Entries shown —
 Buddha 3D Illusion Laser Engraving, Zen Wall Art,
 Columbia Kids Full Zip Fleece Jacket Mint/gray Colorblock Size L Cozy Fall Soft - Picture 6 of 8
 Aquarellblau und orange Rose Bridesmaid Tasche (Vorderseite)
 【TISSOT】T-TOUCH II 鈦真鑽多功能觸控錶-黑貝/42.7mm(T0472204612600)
==
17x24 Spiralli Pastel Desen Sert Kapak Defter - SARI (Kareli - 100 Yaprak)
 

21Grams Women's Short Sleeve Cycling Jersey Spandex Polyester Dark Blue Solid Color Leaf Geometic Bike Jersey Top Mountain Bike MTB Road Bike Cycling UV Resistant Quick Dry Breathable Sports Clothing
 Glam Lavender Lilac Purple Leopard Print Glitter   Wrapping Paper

The problem —
In the entries above, find the line holding "17x24 Spiralli Pastel" and the line holding "Glam Lavender Lilac"; print both of them and every line between, exactly, and nothing else.

Output of the exercise —
17x24 Spiralli Pastel Desen Sert Kapak Defter - SARI (Kareli - 100 Yaprak)
 

21Grams Women's Short Sleeve Cycling Jersey Spandex Polyester Dark Blue Solid Color Leaf Geometic Bike Jersey Top Mountain Bike MTB Road Bike Cycling UV Resistant Quick Dry Breathable Sports Clothing
 Glam Lavender Lilac Purple Leopard Print Glitter   Wrapping Paper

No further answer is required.